Find Your Language’s Primitives

November 29th 2021 — Comments and Reactions

If you dig into your programming language's syntax, you might
discover that it is capable of much more than you thought it was.

Wikipedia defines “Language Primitive” this way:

In computing, language primitives are the simplest elements available in a programming language. A primitive is the smallest 'unit of processing' available to a programmer of a given machine, or can be an atomic element of an expression in a language.

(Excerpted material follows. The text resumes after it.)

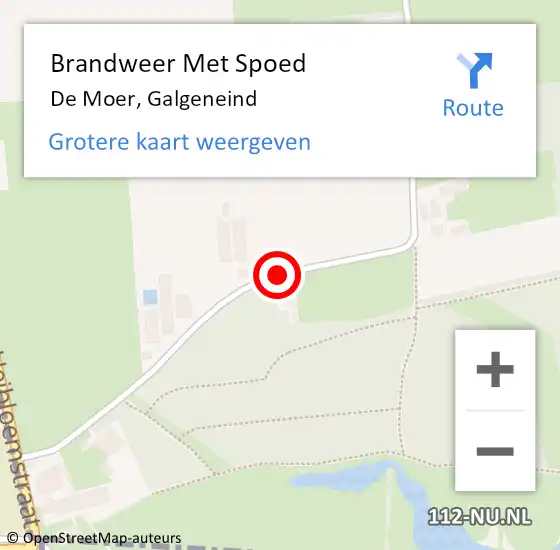 Locatie op kaart van de 112 melding: Brandweer Met Spoed Naar De Moer, Galgeneind op 19 mei 2019 10:42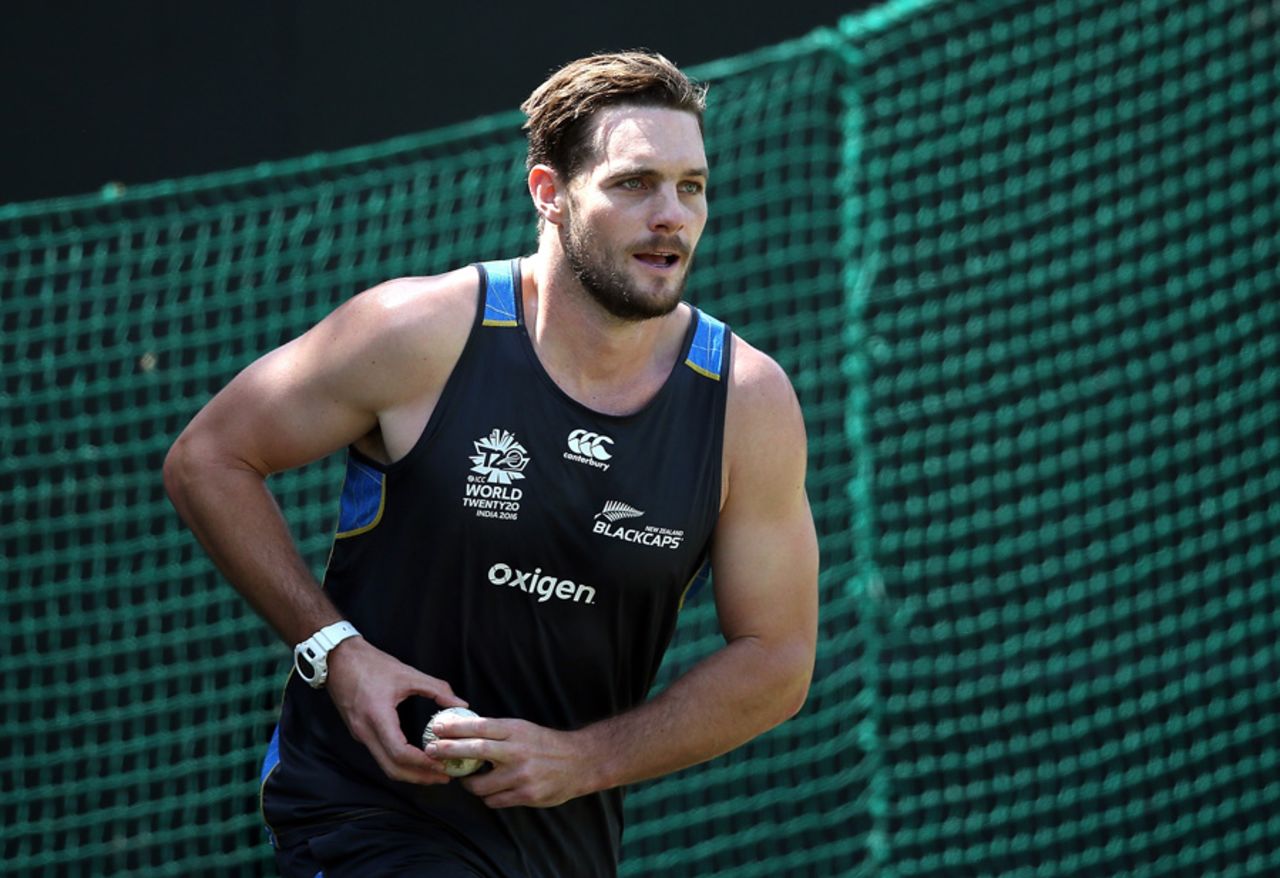 Mitchell McClenaghan sets off on his run-up in a net session, Mohali, March 21, 2016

By looking at a language’s primitives, we can learn what kind of code will be easy to write or impossible to express, and what types of problems the language was intended to solve. Whether you’ve been using a language for years, or just now learning a new language for fun, take the time to find and learn about your language’s primitives. You might discover something you never knew, and will come away with a deeper understanding of how your programs work.

As an example today, I’m going to look at how arrays work in three languages: Ruby, Crystal and x86 Assembly Language.

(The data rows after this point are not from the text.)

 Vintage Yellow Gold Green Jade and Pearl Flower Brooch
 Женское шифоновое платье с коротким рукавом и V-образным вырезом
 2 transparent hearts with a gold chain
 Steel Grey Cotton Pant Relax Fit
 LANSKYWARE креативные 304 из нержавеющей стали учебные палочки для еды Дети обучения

Retrieving an Array Element In Ruby

In Ruby I can create an array and later access an element like this:

arr = [12345, 67890]
puts arr[1]

This code would be the same or almost the same in many other programming languages. It just means: “find the second element of the array and print it to stdout.”

But how does this actually work? In Ruby, the Array class and all of its methods are language primitives. This means array methods like [] or []= cannot be broken down into smaller pieces of Ruby code. As Wikipedia says, these methods are the smallest unit of processing available to Ruby programmers working with arrays.

Ruby hides the details of how arrays actually work from us. To learn how Ruby actually saves and retrieves values from an array, we would need to switch languages and drop down a level of abstraction, and read the C implementation in the Ruby source code: array.c. There’s nothing wrong with this, of course. Ruby developers use arrays every day without any trouble. But switching from Ruby to C makes understanding internal details much more difficult.

Retrieving an Array Element In Crystal

This Fall I decided to learn more about Crystal, a statically typed language with syntax that resembles Ruby. I expected to find a similar Array#[] primitive. But surprisingly, I was wrong!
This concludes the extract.